= Problem =
Print every entry, word for word, and skip the images.

= Data =
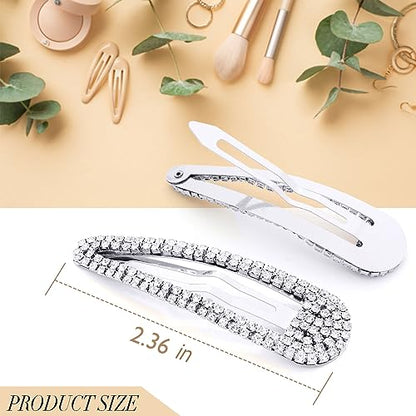 KANPRINCESS Hair Clip, 2Pcs 2.4Inch Rhinestone, Silver, Hair Barrettes for Women Girls Bridal, Wedding, Party, Prom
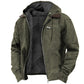 Winter Hooded Coat With Pockets Fashion Warm Fleece Zip-up Jacket Casual Outwear Men's Clothing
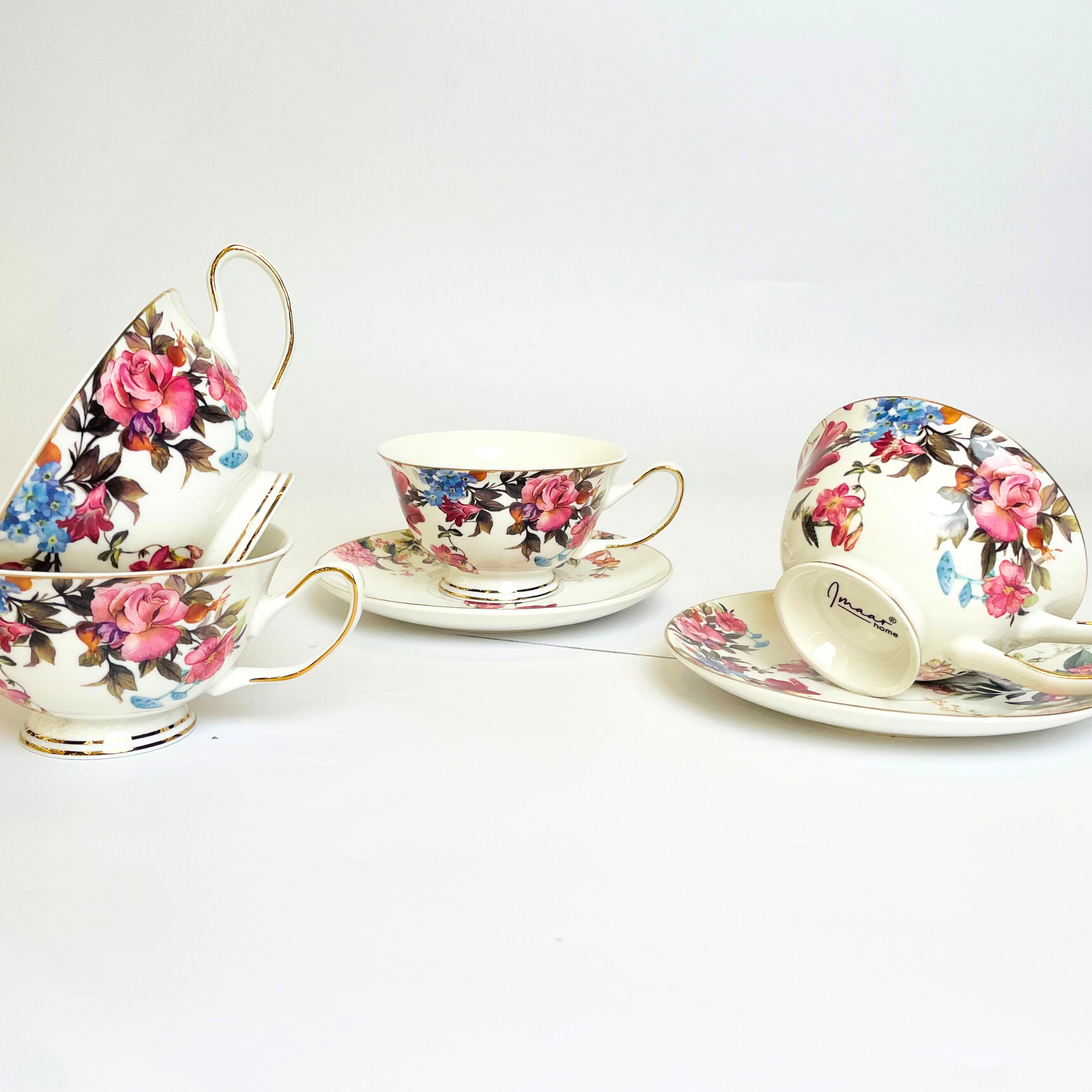 Golden Elegance Cup & Saucer - Set of 12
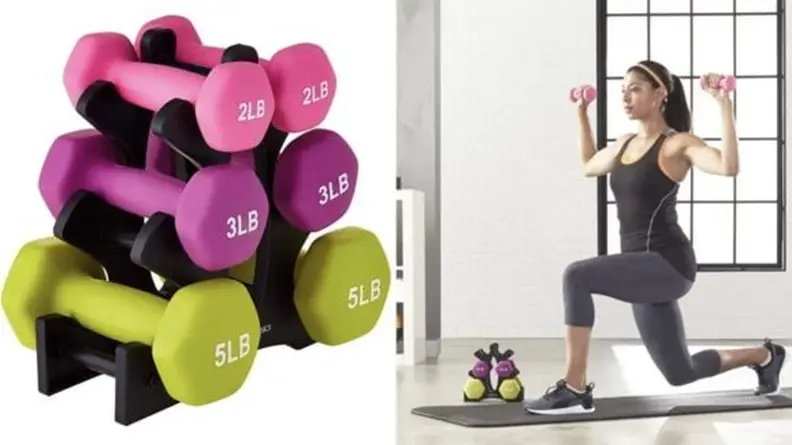 Left: Three sets of dumbbells, weighing two pounds, three pounds, and five pounds, respectively. Right: A woman in workout clothes on a yoga mat lifting the two-pound dumbbells.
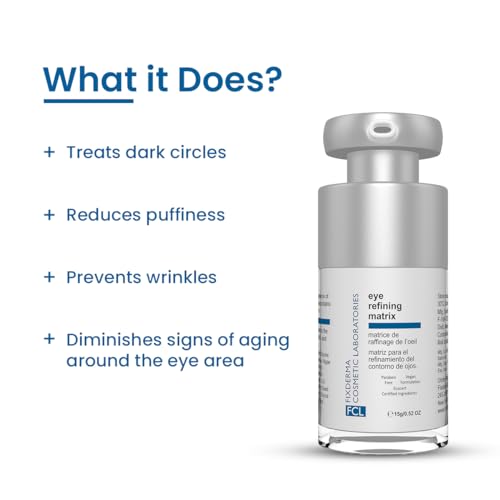 Fixderma FCL EYE REFINING MATRIX Under Eye Cream for Dark Circles, Puffiness & Fine Lines with Vitamin C & Hyaluronic Acid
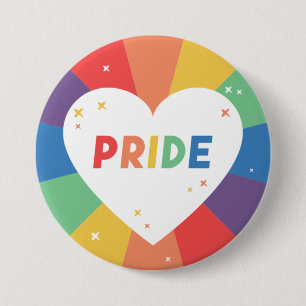 Badge Rond 7,6 Cm Pride Heart Sparkle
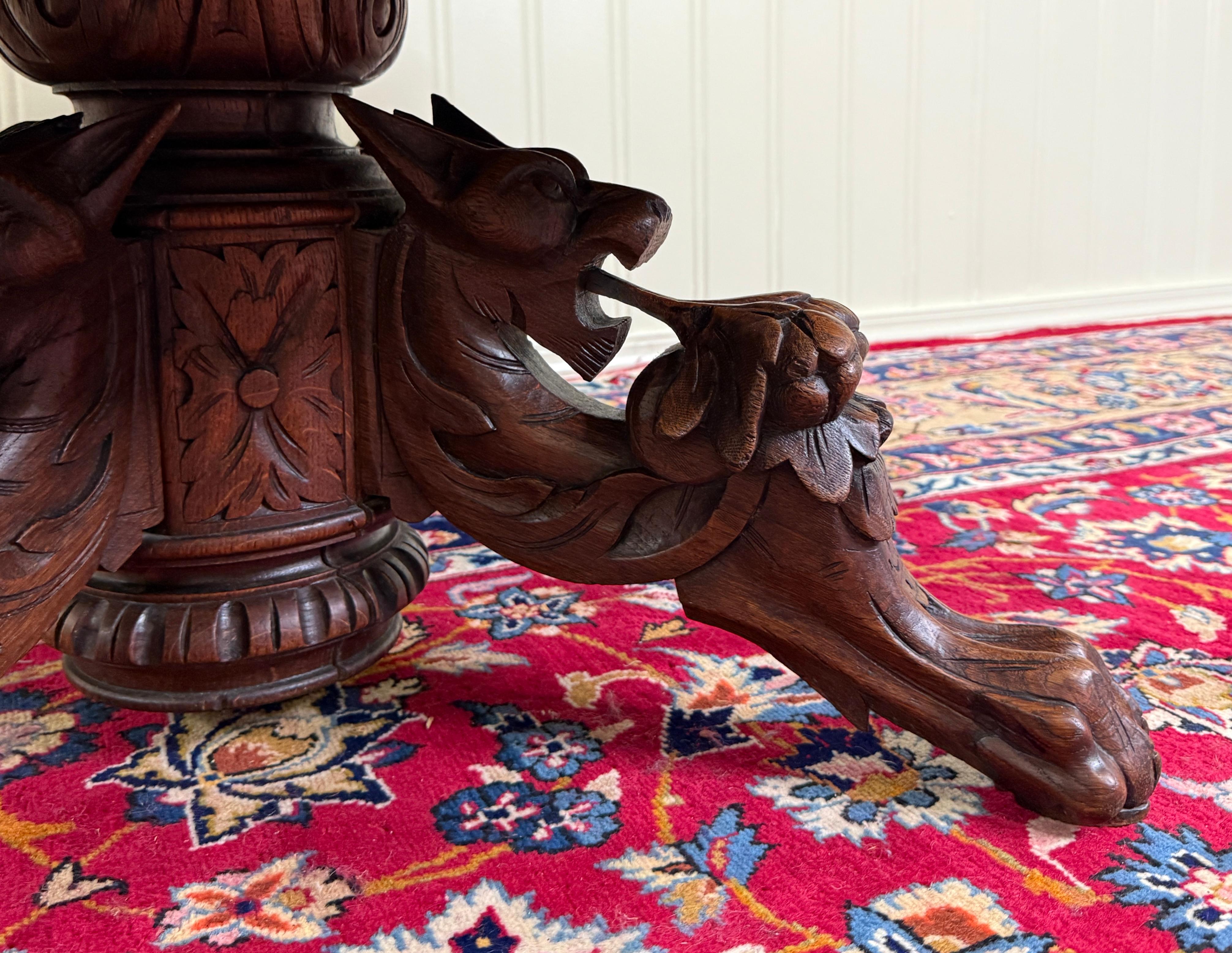 Late 19th Century Antique French Black Forest Hunt Coffee Table OVAL Carved Griffins Oak 19th C For Sale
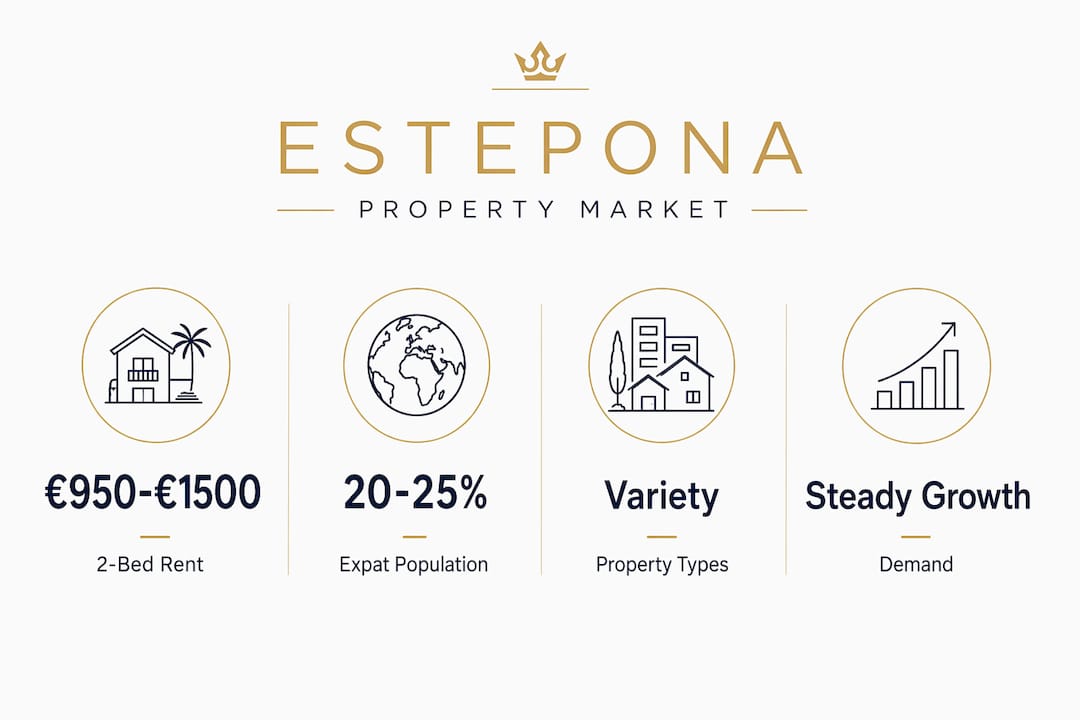 Infographic showing Estepona property market overview statistics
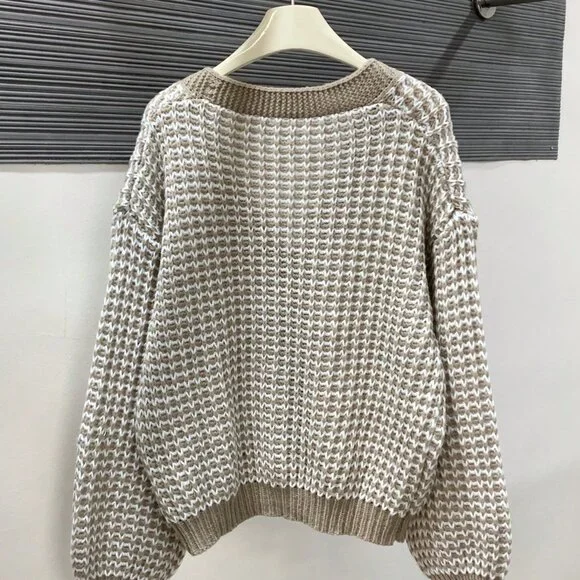 Khaki Casual Women's Plaid Print Button Front V-Neck Long Sleeve Cardigan - Picture 2 of 4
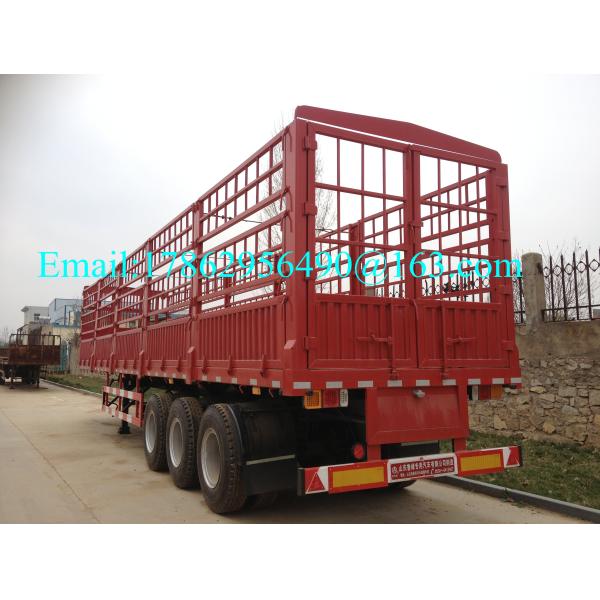 Bulk Cargo Transport Heavy Duty Semi Trailers High Wall Fence Truck 60 Ton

= Answer to this problem =
 KANPRINCESS Hair Clip, 2Pcs 2.4Inch Rhinestone, Silver, Hair Barrettes for Women Girls Bridal, Wedding, Party, Prom
 Winter Hooded Coat With Pockets Fashion Warm Fleece Zip-up Jacket Casual Outwear Men's Clothing
 Golden Elegance Cup & Saucer - Set of 12
 Left: Three sets of dumbbells, weighing two pounds, three pounds, and five pounds, respectively. Right: A woman in workout clothes on a yoga mat lifting the two-pound dumbbells.
 Fixderma FCL EYE REFINING MATRIX Under Eye Cream for Dark Circles, Puffiness & Fine Lines with Vitamin C & Hyaluronic Acid
 Badge Rond 7,6 Cm Pride Heart Sparkle
 Late 19th Century Antique French Black Forest Hunt Coffee Table OVAL Carved Griffins Oak 19th C For Sale
 Infographic showing Estepona property market overview statistics
 Khaki Casual Women's Plaid Print Button Front V-Neck Long Sleeve Cardigan - Picture 2 of 4
 Bulk Cargo Transport Heavy Duty Semi Trailers High Wall Fence Truck 60 Ton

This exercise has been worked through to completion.